# DATA SECTION
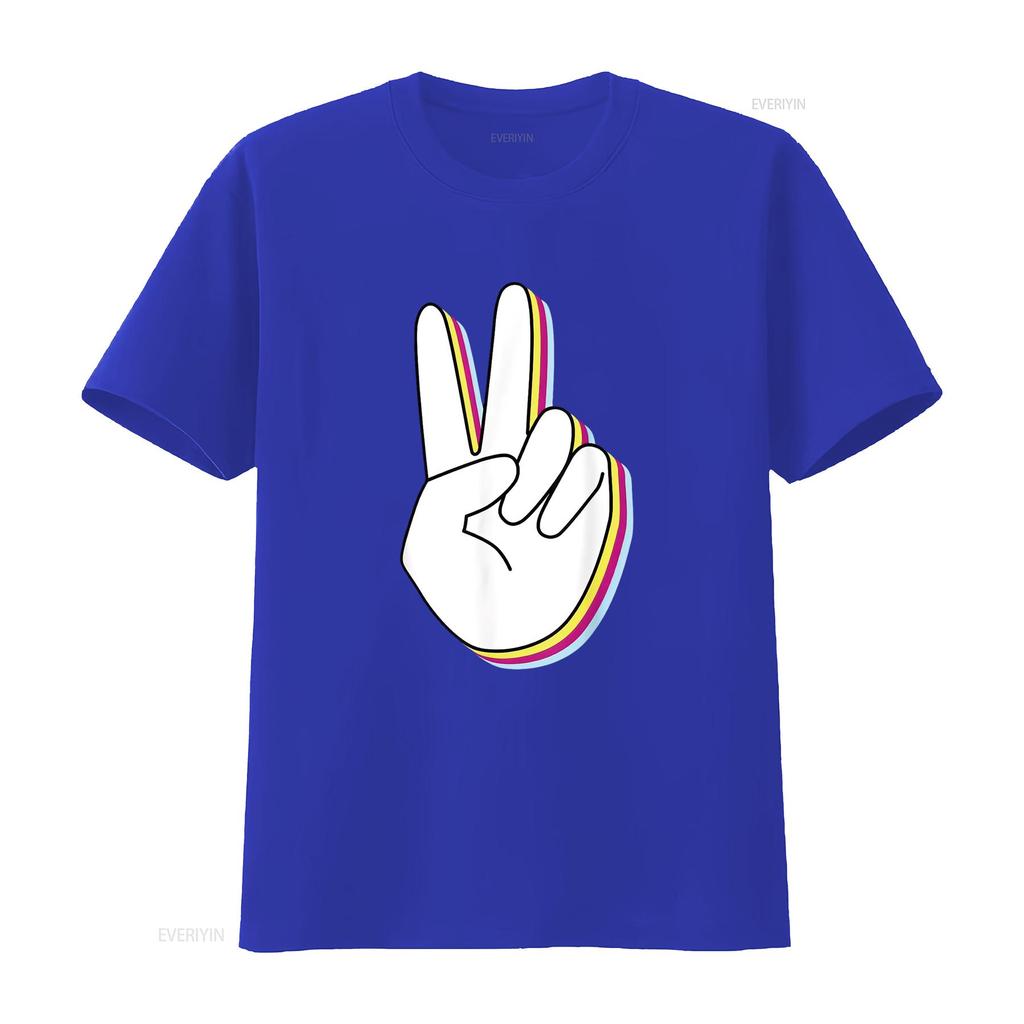 Peace Hand Sign For And Women S T Shirt Top with Unique Stylish Print Vintage Washed Homme Top For Everyday Wear Comfortable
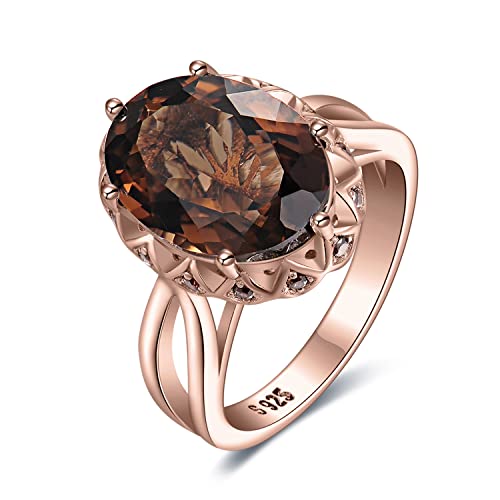 JewelryPalace Oval 5.7ct Echt Rauchquarz Solitär Ring Damen, Riesen Edelstein Schmuck Set, Ring Silber 925 Damen Ring Stein, Cocktail Ring Silber 925 Silberringe Damen Ringe Frauen Rosegold 55 von JewelryPalace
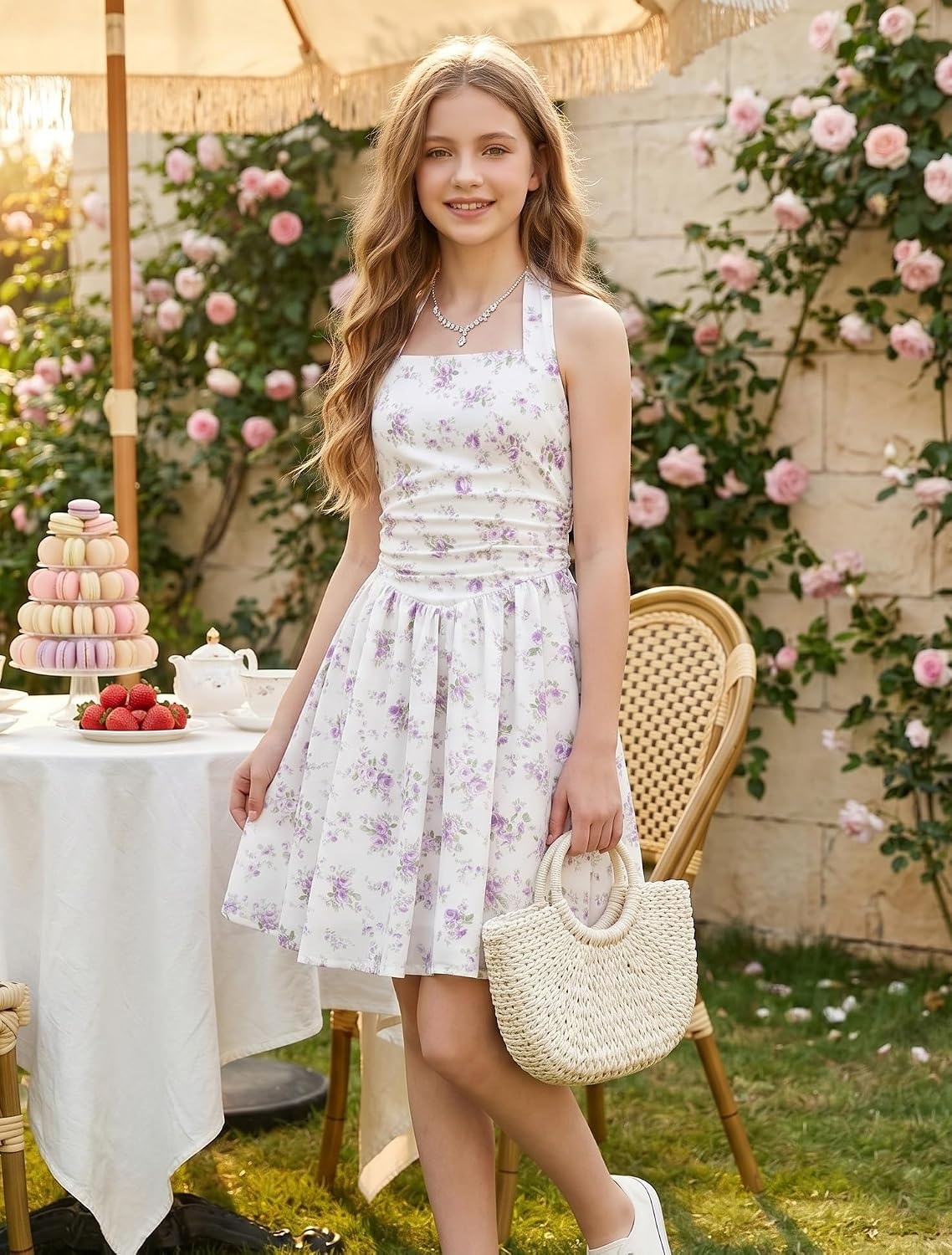 image:imageGrace Karin Girls Floral Summer Spring Halter Tie Back Dresses Size 716Purple Green Floral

# WORK ITEM
Every line above needs to be written out again as it stands. Pictures do not belong in the copy.

# RESULT OF THE TASK
 Peace Hand Sign For And Women S T Shirt Top with Unique Stylish Print Vintage Washed Homme Top For Everyday Wear Comfortable
 JewelryPalace Oval 5.7ct Echt Rauchquarz Solitär Ring Damen, Riesen Edelstein Schmuck Set, Ring Silber 925 Damen Ring Stein, Cocktail Ring Silber 925 Silberringe Damen Ringe Frauen Rosegold 55 von JewelryPalace
 image:imageGrace Karin Girls Floral Summer Spring Halter Tie Back Dresses Size 716Purple Green Floral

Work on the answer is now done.